Bidders who submitted letters of intent would then be allowed, if selected by Springer and a court-appointed monitor, to enter a second phase intended to allow bidders to do more extensive due diligence and to submit binding offers.
"The letters of intent express interest in purchasing the assets of Springer," Grant said.
"The proposed purchase prices vary widely, however the stated purchase prices are non-binding at this stage and are negotiable based on further due diligence."
"Springer seeks to avoid a liquidation to prevent the devastating impact of a business closure on this northern Ontario community. Vulnerable stakeholders such as employees, contractors, customers, and the surrounding northern Ontario and Indigenous communities will bear a heavy financial and social burden in a liquidation scenario," Grant said.
Financial records a mess
"During Phase I of the sale and investment solicitation, it became apparent that potential bidders were having difficulty analyzing Springer’s projected financial performance given certain shortcomings in its historical financial data," Grant said in his affidavit.
"The absence of accurate financial information is due to, in part, the significant turnover that Springer experienced in its finance department starting in 2021, including the departure of its chief financial officer in 2022, and the insufficient liquidity to pay the significant outstanding amounts owing to Springer’s accountants to finalize the 2022 financial statements."
"As a result, Springer’s 2022 financial statements, generated from its books and records, are likely inaccurate and are not reliable."
"Springer and the monitor communicated the apparent deficiencies in the 2022 financial statements to all potential bidders.

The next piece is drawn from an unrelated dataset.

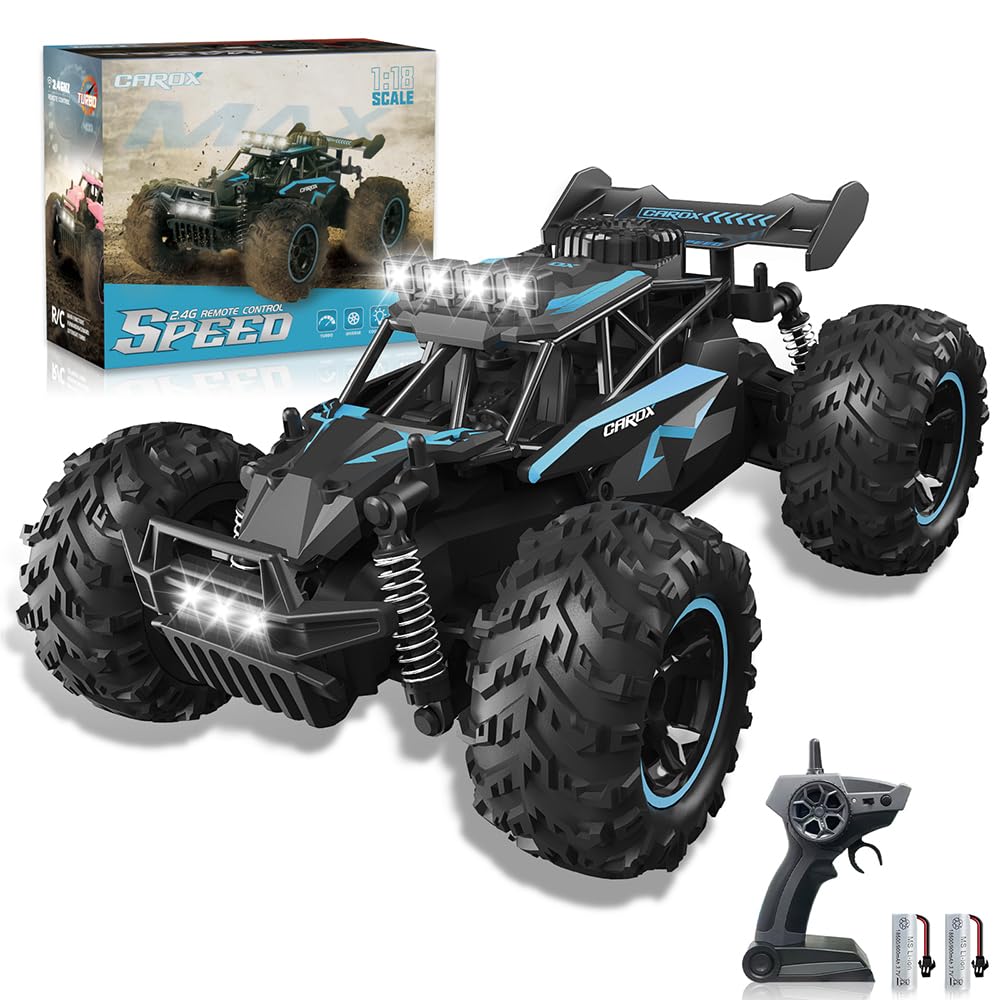 Carox Remote Controlled Car, 2.4 GHz 25 km/h RC Car, 1:18 Off Road Monster Truck with Headlight and Chassis Lighting, Crawler Truck Toy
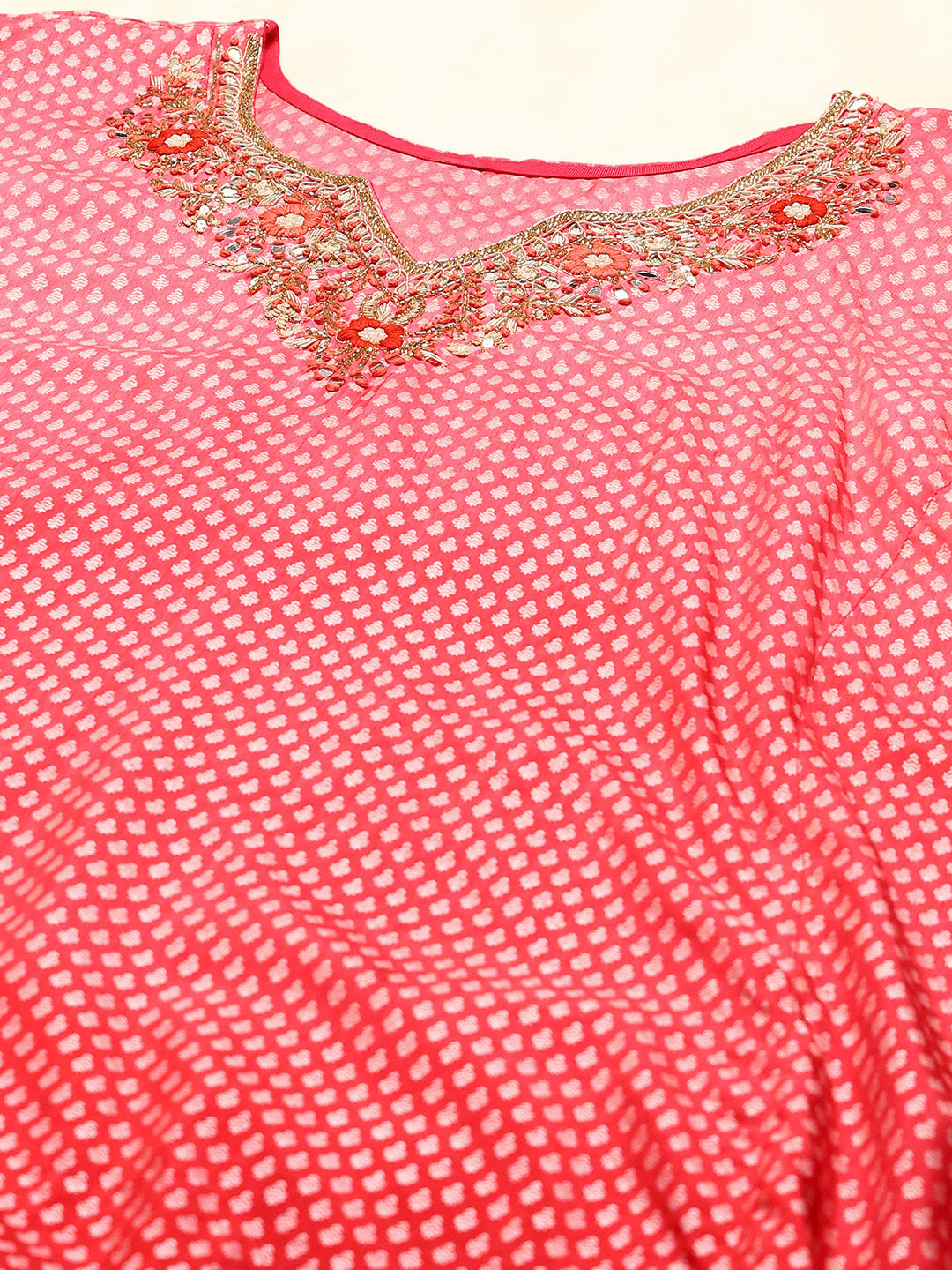 Neck Embroidered Art Silk Kurta With pants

Given the apparent lack of reliable financial data as well as the relatively short time frame of Phase I of the SISP, potential bidders found it challenging to project Springer’s performance and determine a suitable purchase price."
"As a result, some potential bidders requested more time to submit bids, and one potential bidder requested to have until the summer (due to managing timelines the bidder had on other opportunities it was pursuing) to submit a bid after performing a considerable amount of due diligence. With Springer’s cash flow pressures and lack of available debtor-in-possession funding under the current facility, Springer was not able to commit to an extension of the SISP until the summer," Grant said.
What Desjardins argued
"Springer, with the assistance of the chief restructuring officer and the monitor, has not received any Phase I bids... that comply with the requirements of the SISP," Desjardins said in a court submission.
"There are not viable bids that are sufficient to repay the debtors’ outstanding indebtedness to Desjardins after the payment of amounts secured by the administration charge and the DIP lender’s charge."
"Springer does not meet the test for increased interim financing and, accordingly, will not be able to continue operating."
"The SISP has failed and Desjardins has no confidence in Springer’s management, which has been unable to create accurate financial projections or carry out any restructuring throughout the duration of the CCAA proceedings to date."
"Desjardins’ position vis-à-vis its security over Springer has significantly deteriorated since the commencement of the CCAA proceedings and continues to deteriorate."
Founded in 1972, Springer Aerospace is one of Canada’s oldest Transport Canada-approved maintenance organizations.
It's located on more than 200 acres of real estate on Lakeview and Riverside Rds. in Echo Bay, owned by a sister company also under CCAA protection.
The properties are improved by:
- a 16,160-square-foot, 17-feet-high hangar that houses an industrial bay, the paint shop, offices and storage *a 24,373-square-foot, 30-feet-high hangar that houses an industrial bay for aircraft work as well as offices and amenities on a second floor *
- a 33,000-square-foot hangar that's 59 feet high at its peak, built in 2020, housing Springer’s largest industrial bay two single-family residences
- an airport (Bar River Airport, IATA code YEB, Transport Canada Local Identifier CPF2), including a main runway large enough to accommodate Boeing 737s for landing and takeoff.